Job losses threaten UK’s cultural heritage

The British Museum has announced the loss of more than 150 jobs in an attempt to address the £5m structural deficit facing the organisation.


  • 30 Apr 2002

The losses are part of drastic cost cutting measures being introduced to stem the financial mire resulting from successive years of government underfunding. Grant in aid for the museum has fallen by approximately 30% in real terms over the last 10 years.

"These cuts follow previous rounds of redundancies, dressed up as efficiency savings and restructuring, and cast doubt on the British Museum’s ability to continue to act as a national cultural resource," said Gareth Williams, chair of the staff trade union side.

The cuts will mean fewer new exhibitions will be mounted, more galleries will be closed and less support will be available for the thousands of schoolchildren who visit the museum, both physically and virtually, every week. Public enquiries will also be met more slowly while loans to regional museums are likely to be affected.

The redundancies will also place pressures on the conservation of the collection and place increased demands on academic staff, reducing the amount of research undertaken and further undermining the BM’s reputation as an international centre of scholarship.

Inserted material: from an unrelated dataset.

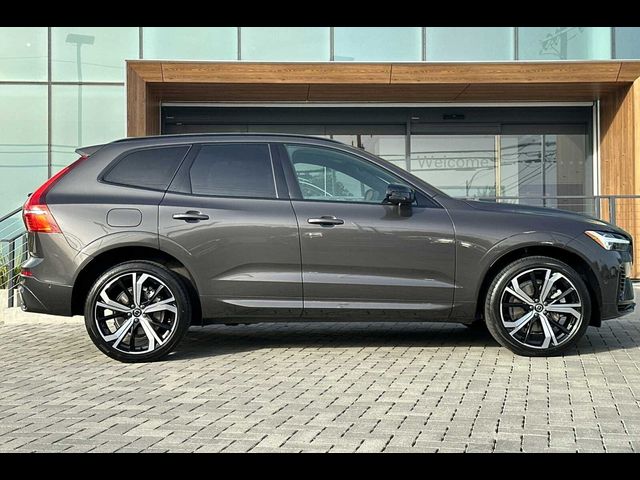 2022 Volvo XC60 Recharge Plug-In Hybrid R-Design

This is against a backdrop of government demands for museums to expand their activities, despite decreasing levels of resources.

Alan Leighton, Prospect’s heritage officer, said: "The situation in the museum has now reached breaking point but other institutions in the sector will soon find themselves in similar situations.

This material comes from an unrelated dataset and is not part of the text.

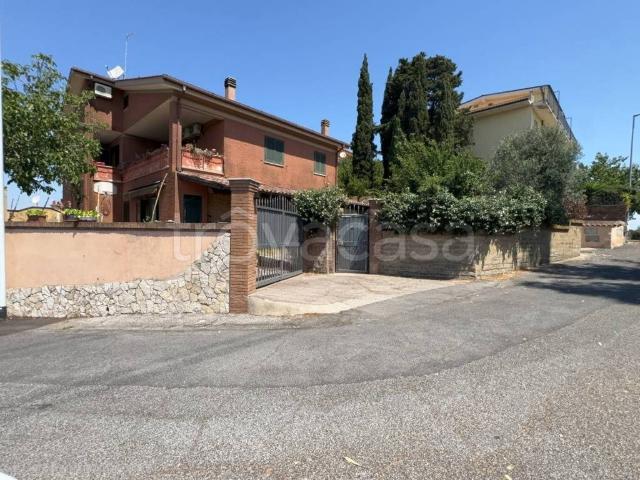 Casa indipendente in vendita a Roma, Castel di Leva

"Staff have already borne the brunt of the museum’s financial difficulties for several years and have seen their pay fall significantly behind civil service colleagues."

Unions that represent 1,100 staff at the museum – Prospect, the Public and Commercial Services union, the First Division Association and T&GWU – say that enough is enough.

"It is no longer possible for the museum to bow to pressure from Department for Culture, Media and Sport to deliver more and more with fewer resources," said Leighton.

Unions are calling on the government to address the fundamental problems of underfunding at the British Museum or accept that its own agenda, especially in areas such as access and education, cannot be delivered.

PCS officer Terry Adams said: "This government should recognise its responsibilities for the upkeep of one of this country’s great institutions.

"A fraction of the money thrown away on the Dome would keep it going into the next millennium. Instead, the future of an institution like the British Museum has come to depend on how many cups of coffee it sells. The government must intervene to secure the museum's future and full and proper access to its national treasures."

The unions will now be exploring with members the next course of action for resisting the cuts.

Notes:

In 2000, the British Museum opened its new Great Court at a cost of approximately £100m, funded by the National Lottery, English Heritage and private and corporate sponsors. Like many of the great flagship Millennium projects, the government has been happy to take credit for what has been regarded as a major success story.

But the Great Court has added significantly to the museum’s running costs, with no corresponding increase to levels of grant-in-aid. The museum has managed to increase substantially the amount of income it generates for itself to £13.8m but not by enough to match the higher operating costs of £58.7m, up from £45.8m in 1999-2000.

The British Museum’s projected grant in aid for 2005-5 is the same as 2001-2 (£36m) despite increased expenses.